Imagine that you could tell your phone that you want to drive from your house in Boston to a hotel in upstate New York, that you want to stop for lunch at an Applebee's at about 12:30, and that you don't want the trip to take more than four hours. Then imagine that your smart phone tells you that you have only a 66% chance of meeting those criteria, but that if you can wait until 1:00 for lunch, or if you're willing to eat at TGI Friday's instead, it can get that probability up to 99%.

That kind of application is the goal of Brian Williams' group at MIT's Computer Science and Artificial Intelligence Laboratory. The underlying framework has led to software that both NASA and the Woods Hole Oceanographic Institution have used to plan missions.

At the annual meeting of the Association for the Advancement of Artificial Intelligence (AAAI) in January 2014, researchers in Williams' group present algorithms that represent steps toward what Williams describes as "a better Siri," the user-assistance application found in Apple products.

MIT researchers have developed software that allows a planner to specify constraints -- say, buses along a certain route should reach their destination at 10-minute intervals -- and reliability thresholds, such as that the buses should be on time at least 90% of the time. Then, on the basis of probabilistic models -- which reveal data such as that travel time along this mile of road fluctuates between 2- 10 minutes -- the system determines whether a solution exists. For example, perhaps the buses' departures should be staggered by 6 minutes at some times of day, 12 minutes at others.

If, however, a solution doesn't exist, the software doesn't give up.

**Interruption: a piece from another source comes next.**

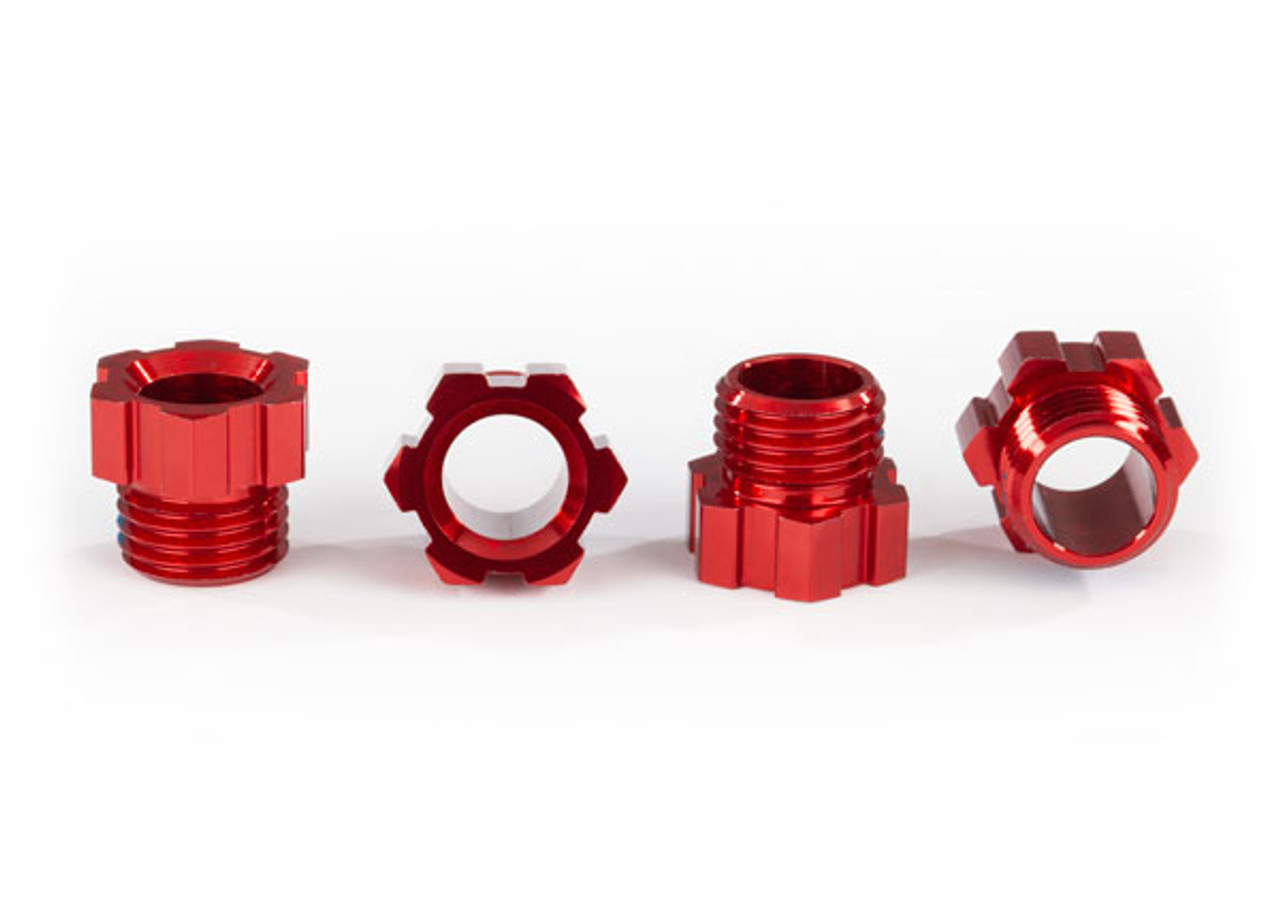 Traxxas 8886R Stub Axle Nut Red Anodized Aluminum(4)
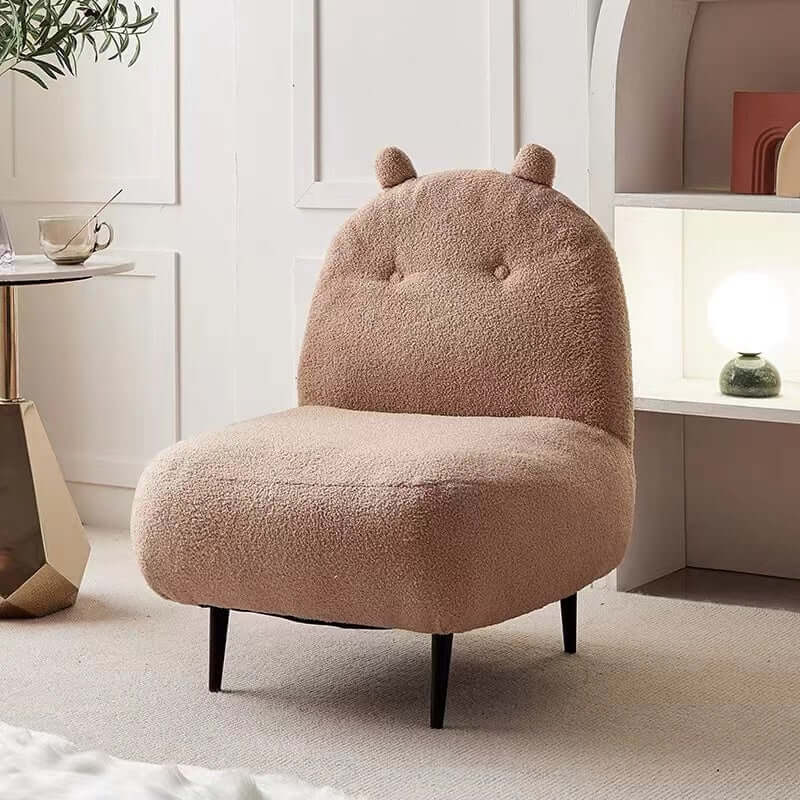 Sophisticated Brown Boucle Accent Chair with Metallic Golden Legs and High Backrest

Instead, it suggests ways in which the planner might relax the problem constraints: Could the buses reach their destinations at 12-minute intervals? If the planner rejects the proposed amendment, the software offers an alternative: Could you add a bus to the route?

One aspect of the software that distinguishes it from previous planning systems is that it assesses risk. The time it takes to traverse any mile of a bus route, for instance, can be represented by a probability distribution -- a bell curve, plotting time against probability. Keeping track of all those probabilities and compounding them for every mile of the route would yield a huge computation. But if the system knows in advance that the planner can tolerate a certain amount of failure, it can, in effect, assign that failure to the lowest-probability outcomes in the distributions, lopping off their tails. That makes them much easier to deal with mathematically.